Theory of Relativity

Relativity is a theorem formulated by Albert Einstein, which states that space and time are relative, and all motion must be relative to a frame of reference.

It states:

• There is no absolute reference frame. One can measure velocity if the object or momentum is only in relation to other objects.
• The speed of light is constant irrespective of who measures it or how fast the person measuring it is moving.

Albert Einstein's Theory of Relativity encompasses two theories: Special Relativity Theory and General Relativity Theory.

Special Theory of Relativity

Einstein first introduced this term in the year 1905. It is a theorem that deals with the structure of space-time. Einstein explained this theory based on two postulates -

• The laws of physics are the same for all, irrespective of the observer's velocity.
• The speed of light is always constant regardless of the motion of the light source or the motion of the observer.

This is the theory which laid the foundation of time travel. According to Einstein, the rate at which time tics decreases with the increase of the person's velocity. But this is hard to notice as the decrease in time is relatively very low compared to the increase in time. So, it can be assumed that if you can equal the velocity of light, you will be in a situation where time is still. This phenomenon is called Time Dilation. There are other surprising consequences of this theory, such as -

• Relativity of simultaneity - two actions, simultaneous for one person, may not be simultaneous for another person in relative motion.
• Length Shrinking: Objects are measured and appear shorter in the direction they are moving with respect to the observer.
• Mass - Energy Equivalence: Study of relativity led to one of the greatest inventions, i.e., $E = mc^2$ where E is Energy, m stands for mass and c for the velocity of light. Many scientists observed that the object's mass increases with the velocity but never knew how to calculate it. This equation is the answer to their problem, which explains that the increased relativistic weight of the object is equal to the kinetic energy divided by the square of the speed of light.

General Theory of Relativity

General Relativity theory, developed by Einstein in 1907-1915, states that being at rest in the gravitational field and accelerating are identical physically. For example, an observer can see the ball fall the same way on the rocket and on Earth. This is due to the rocket's acceleration, which equals 9.8 m/s^2. This theory relates to Newton’s gravitational theory and special relativity.

Some Consequences of General Relativity are :

• Gravitational Time Dilation: Gravity influences the passage of time. Clocks in the deeper gravitational wells run slower than in general gravitational levels.
• Light rays will bend in the gravitational field.
• The universe is expanding, and parts of it are moving away from Earth faster than the speed of light.

Difference Between Special and General Theory of Relativity

Frame Of Reference

A frame of reference is a set of coordinates that can be used to determine the positions and velocities of objects in that frame.

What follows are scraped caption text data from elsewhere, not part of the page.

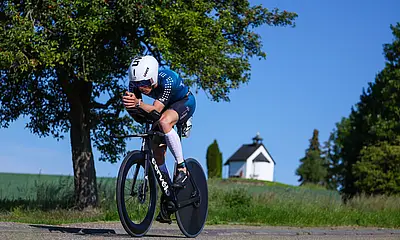 Ein Teilnehmer des Ironman Kraichgau fährt auf einem Rennrad. Im Bildhintergrund sind ein Baum und eine weiße Kapelle zu sehen.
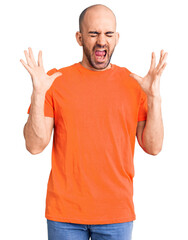 Young handsome man wering casual t shirt celebrating mad and crazy for success with arms raised and...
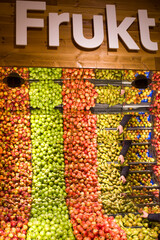 Stockholm, Sweden A large mirrored display of fruit in a supermarket and a saying saying Frukt in Swedish.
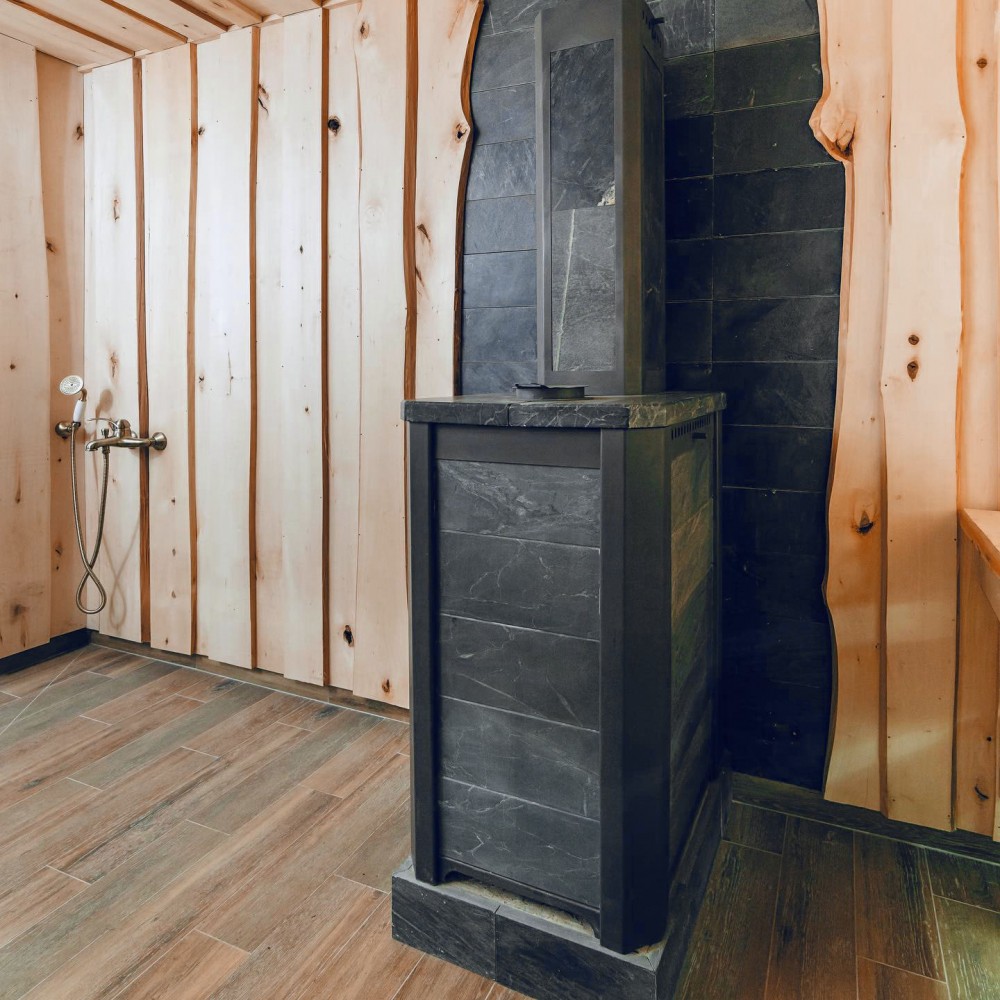 Печь для бани Варвара Сказка 24 "Дуэт" в облицовке Пироксенит без выносной топки дверка со стеклом, парная 12 – 24 м³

It is a standard relative to which motion and rest may be measured.

A relativistic reference frame includes the coordinate time, which does not equate across different reference frames moving relatively to each other. This differs from Galilean relativity, in which all possible coordinate times are essentially equivalent.

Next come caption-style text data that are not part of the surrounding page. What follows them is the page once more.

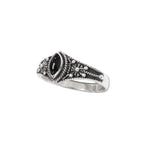 Expertly crafted in classic style, this filigree silver ring features a striking black onyx stone, adding a touch of elegance and sophistication to any outfit. Measuring at approximately 0.9 cm in height, this ring is a timeless accessory that is sure to make a statement. 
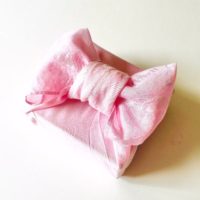Fabric gift wrap with bow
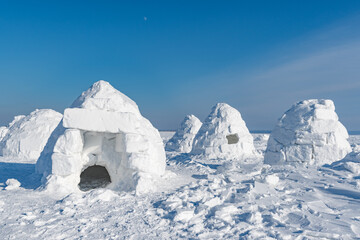 Winter dwelling of Eskimos. Igloo. Eskimos village.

If we ask A what velocity of B is, he will say it is at rest. But if we ask the same question to C, he will say B is moving with a velocity V in the positive X direction. So we can see before specifying the velocity we have to specify in which frame we are or in simple terms, we need to define a frame of reference.

Types of Frame of Reference

• Inertial Frame of Reference

  An inertial frame of reference is a frame where Newton's law holds true. That means if no external force is acting on a body it will stay at rest or remain in uniform motion. Suppose a body is kept on the surface of the earth, for a person on earth it is at rest while for a person on the moon it is in motion.

Actually, the term inertial frame is relative i.e. first we assume a reference frame to be the inertial frame of reference. So a more general definition of an inertial frame would be: Inertial frame is at rest or moves with constant velocity with respect to my assumed inertial reference frame.

• Non-Inertial Frame of Reference

  Now we can define a non-inertial frame as a frame that is accelerated with respect to the assumed inertial frame of reference. Newton's law will not hold true in these frames. So in the above example if I assume earth to be an inertial reference frame the moon becomes a non-inertial reference frame as it is in accelerated motion with respect to earth. But if we want to make Newto's law hold here we need to take some mysterious forces also known as pseudo forces.

Is earth an inertial frame of reference?

Earth can not be a inertial frame of reference because it is revolving around the sun and also on its own axis. A accelerated object can't be taken as inertial frame of reference and a reference frame attached to an non-inertial frame also can't be taken as inertial frame of reference.